Woke up to more drama today, I have now decided that this whole week is just bad luck I guess! Please someone explain to my WHY my family can't ever get a break???? When will we ever be happy? I am so depressed! When the crap hits the fan it REALLY hit's it! I am going to try not to dwell on it to much or I won't be able to get anything done but I just pray to God that things will finally start looking up for my family, for my husband who deserves a break and peace of mind that he is working hard for his family, for my boys who deserve the world! As for me all I ask is for the strenghth to get my job done the next couple days!

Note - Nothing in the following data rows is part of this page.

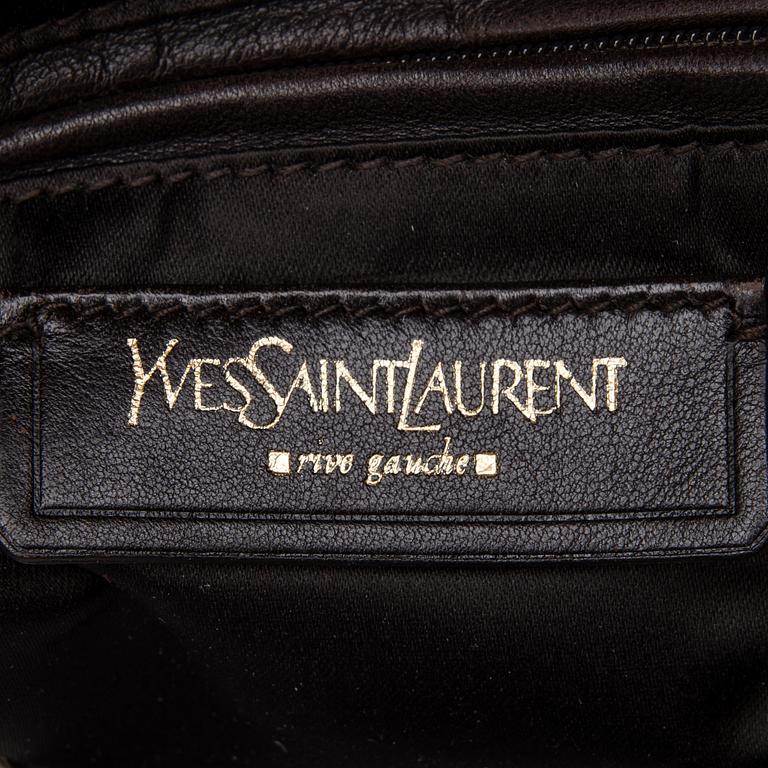 VÄSKA, "Downtown", Yves Saint Laurent.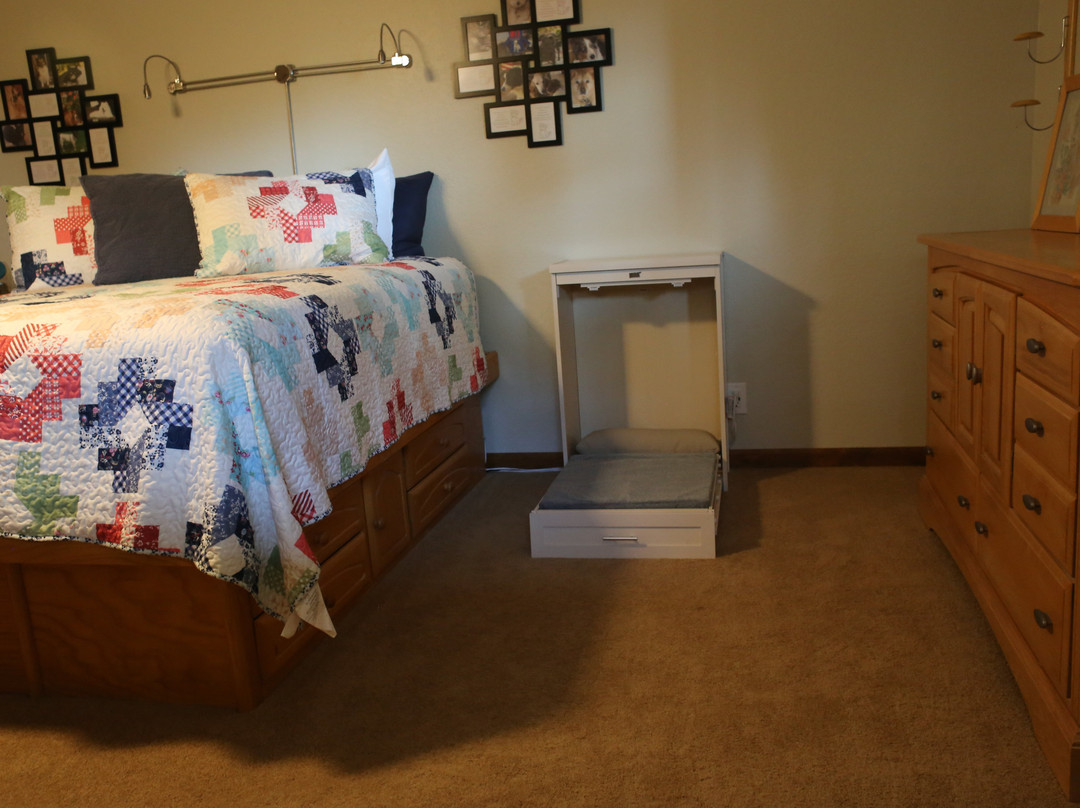 Ponderosa Ridge A Bed and Breakfast主图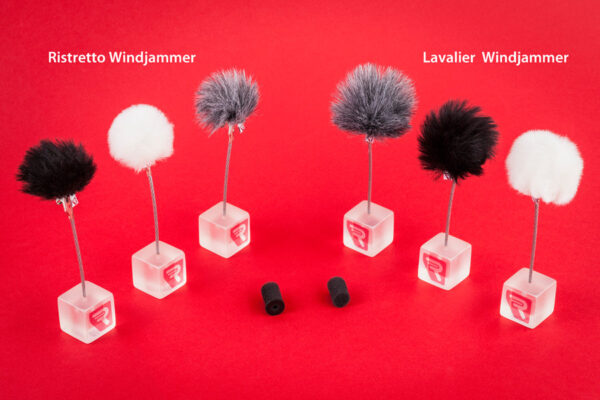 Rycote Grey Lavalier Windjammer - Single - Image 3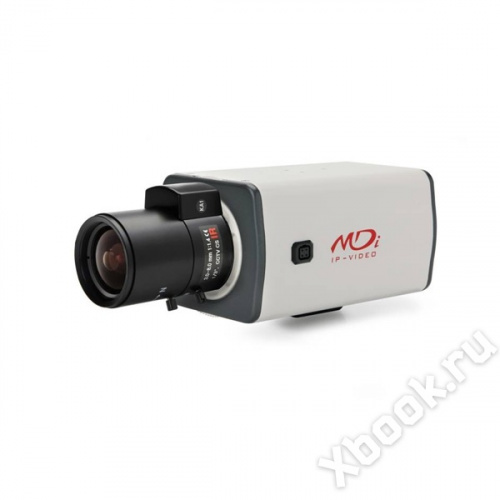 MicroDigital MDC-N4090WDN вид спереди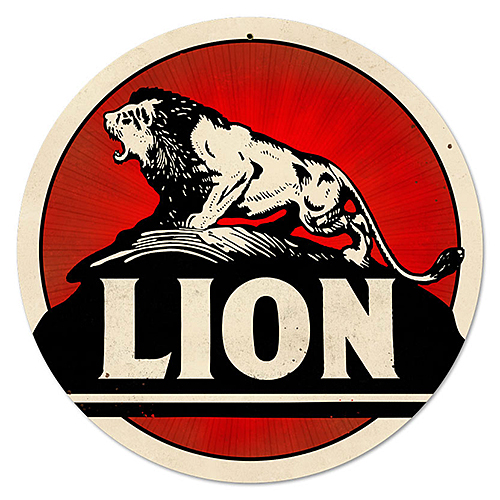 ƥ  Lion Gasoline PT-PTS-106ƥ  Lion Gasoline PT-PTS-106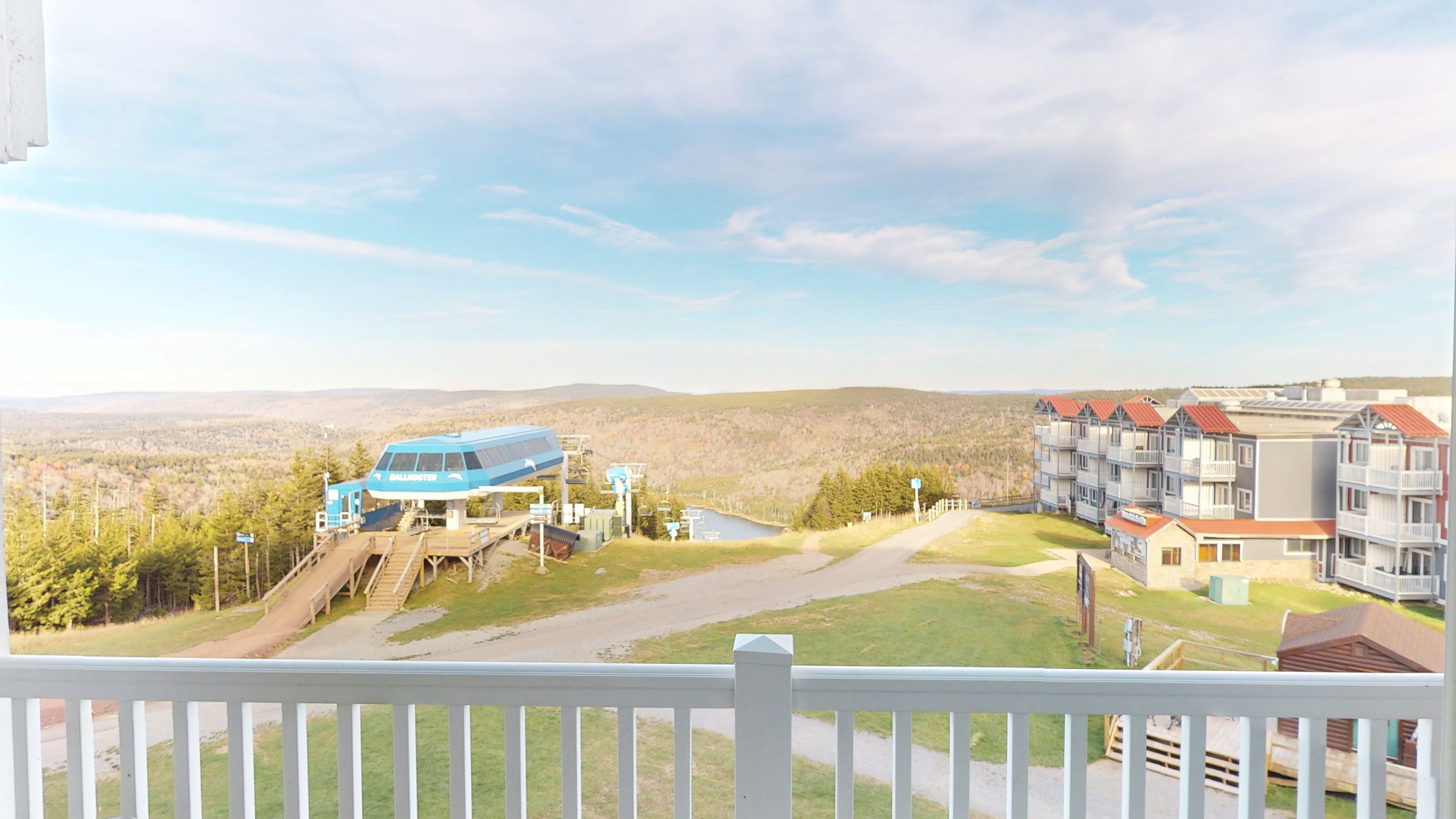 Allegheny Springs · Unit 434 — Snowshoe Mountain Slopes (2)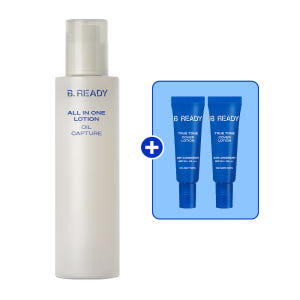 비레디 오일캡처 올인원 로션 150ml 솔직 후기 | 피부 타입별 분석 - 상품 이미지 1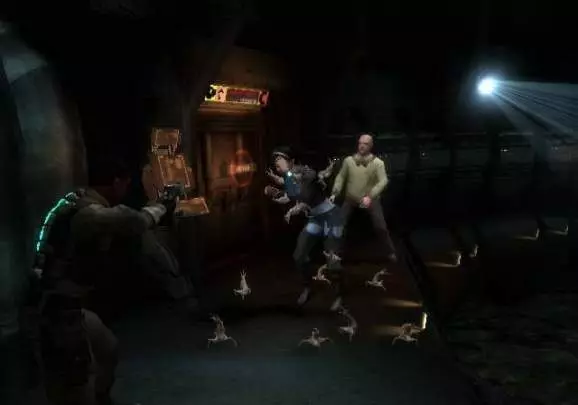 Dead Space Extraction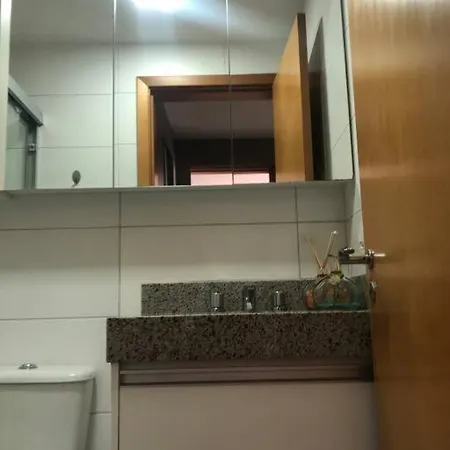 Lindo Apartamento Aguas Claras Em Shopping - Completo! Brasilia Exterior photo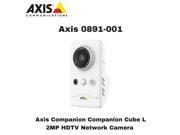 Axis 0891 001 Indoor Full HD IR Network Camera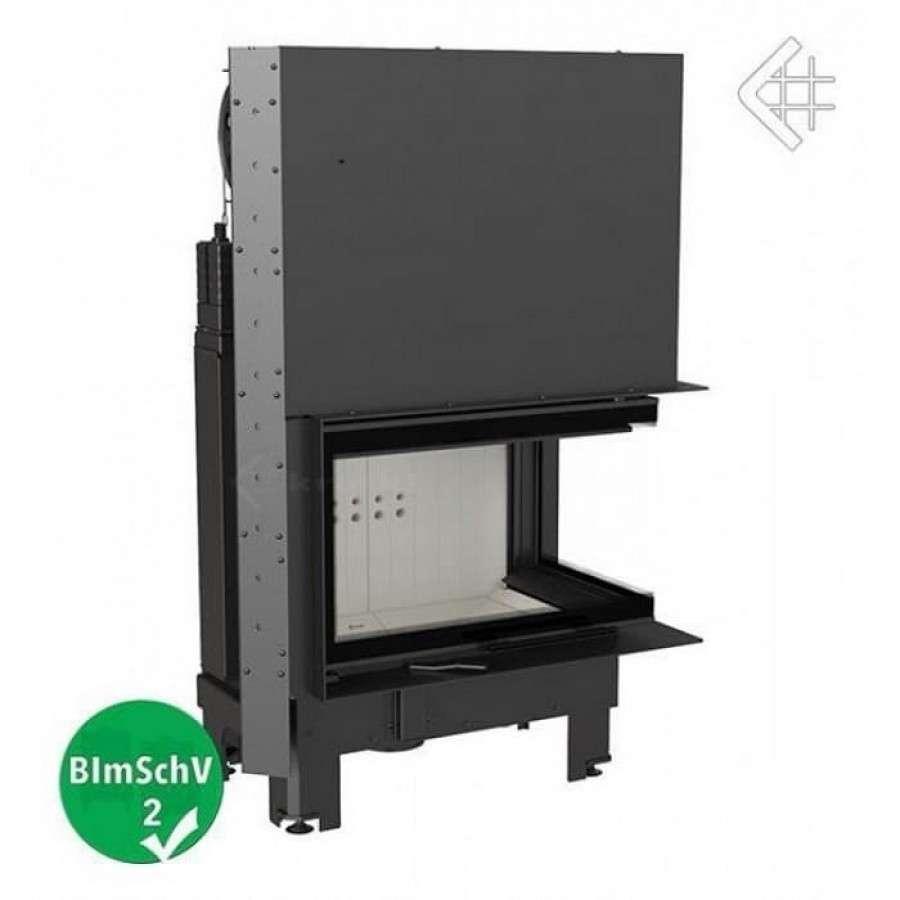 Каминная топка Kratki MBM/P/BS/G Амазонка бай фото в Новополоцке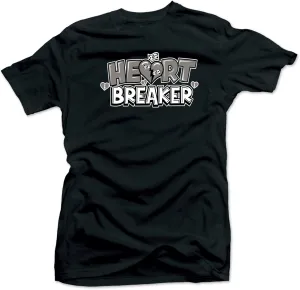 SNELOS Shirt to Match Sneaker Jordan 11 Cool Grey Match Jordan Tee
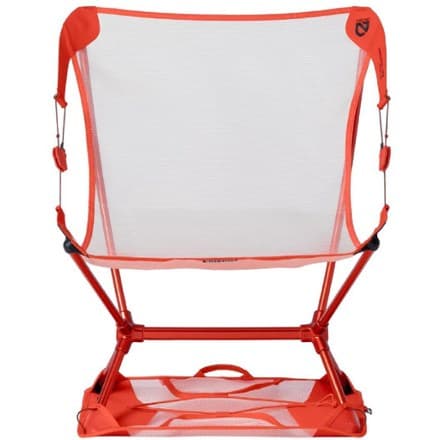 Moonlite Elite Reclining Backpacking Chair - Spicy Orange thumbnail 8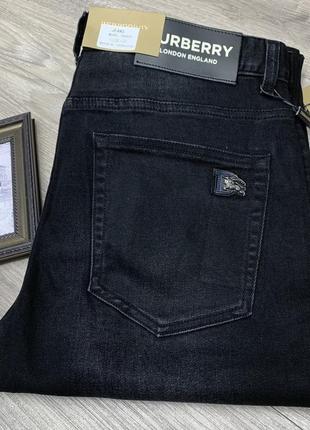 Чоловічі джинси burberry розміри8 фото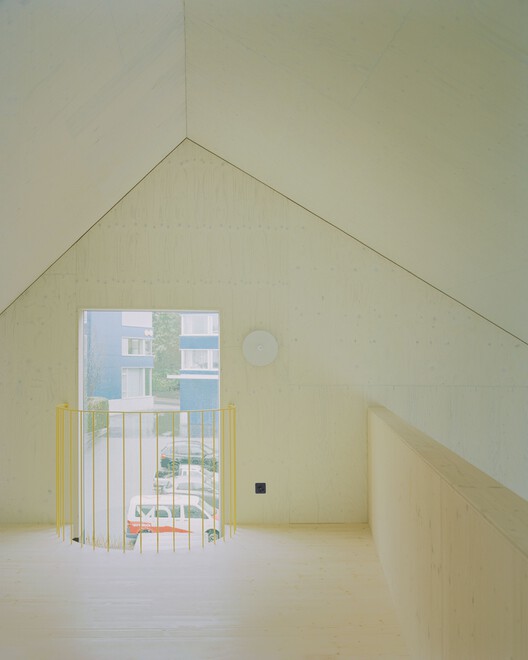 N°7 Bretscha House / Dominic Spalt Architektur - изображение 13 из 30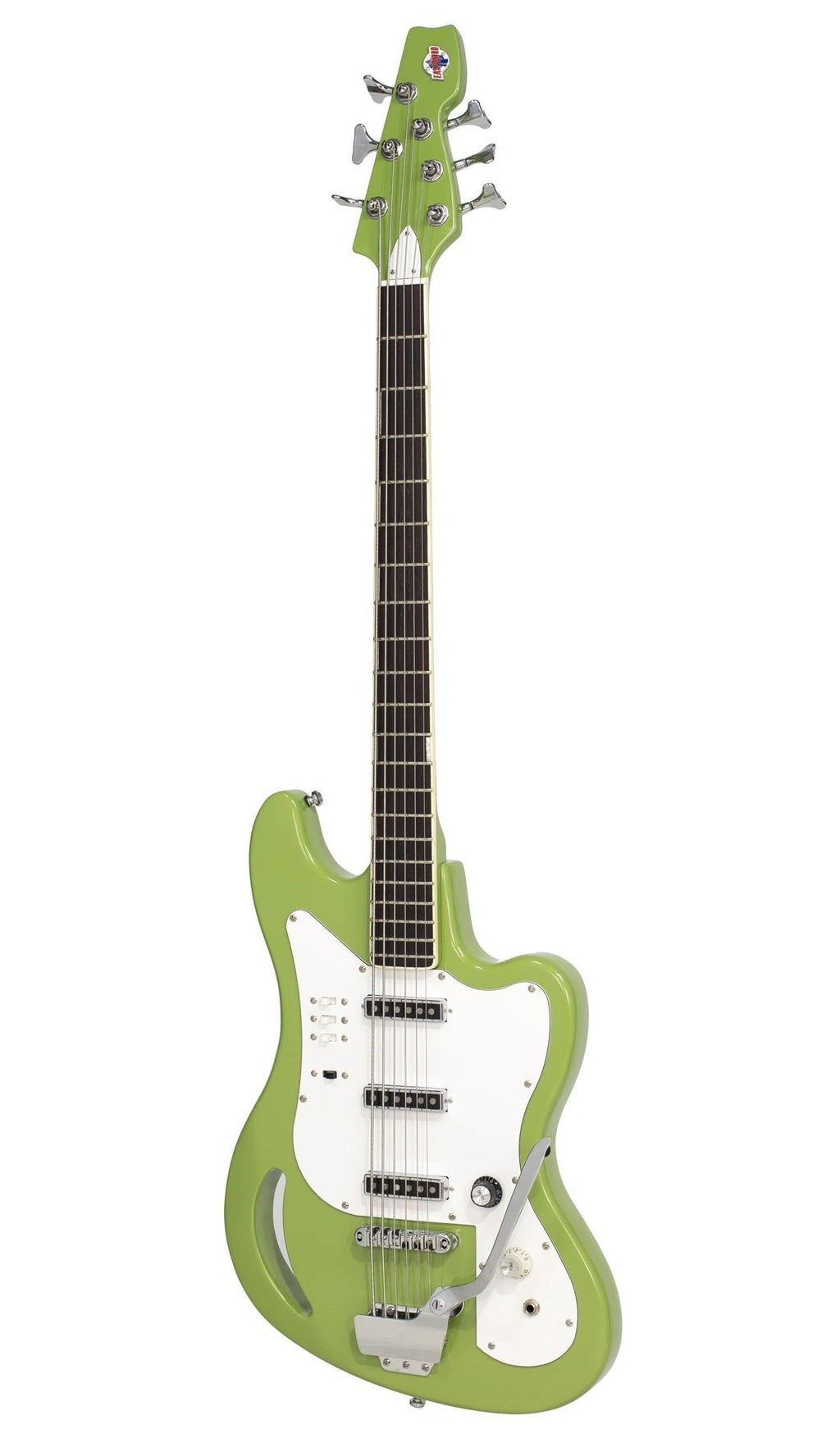 TB64 6-String Bass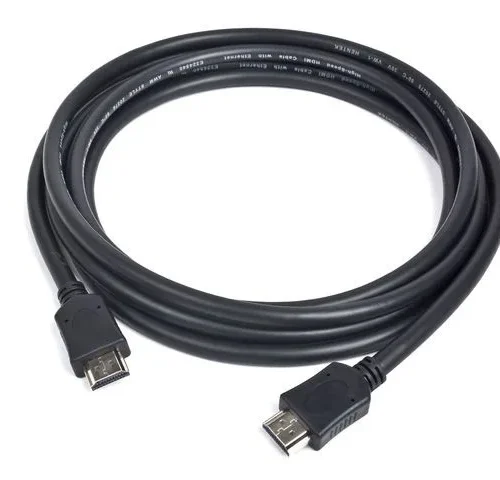 Gembird кабел HDMI-HDMI v2.0 3D TV High Speed Ethernet 7.5M (gold-plated connector)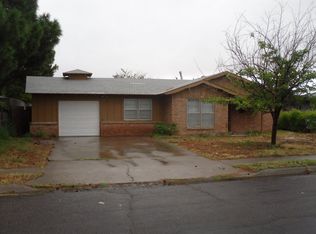 214 N Eisenhower Dr, Midland, TX 79703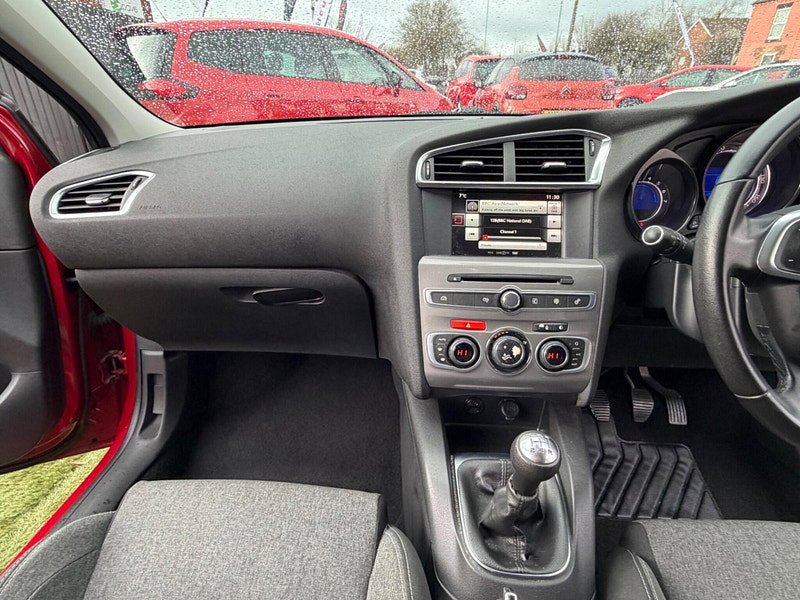 Citroen C4 1.2 PureTech Flair Hatchback 5dr Petrol Manual Euro 6 (110 ps) 5dr Manual 2026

Well the scrapbook trends October "halloween" calls went out today and I know I should not have put so much in to it but I honestly thought I would get published in it :( I have always wanted to be in a halloween magazine (october issue) or ideabook. These issues are the only ones I get each year of ALL the Scrapbook magazines out, it's my favorite time of year, it always makes me happy, the smells, the colors, the feeling I get. God I wish it were fall/october now :(
I am starting to regret moving to ID, believe me I love it so much but we have just been struggling so hard with money, family and our marriage. I want to be in CA, where I am close to my family, I miss getting out, having a break, saturdays with my mom, dates with Dustin everything. Since moving here yes of course we are living in a bigger, nicer apartment but all we both do is work, there is no time left for US. I wish I made smarter choices for my family back when we started, I wish I saved more money and kept my job longer, I wish while we were in CA I did have a job because there were always someone in the family I could trust to watch the boys. Why did I not do this? There are so many things I wish I could have done differently the past 5 years, maybe it would have been better where we are now. I feel so useless to my family, I should be doing more!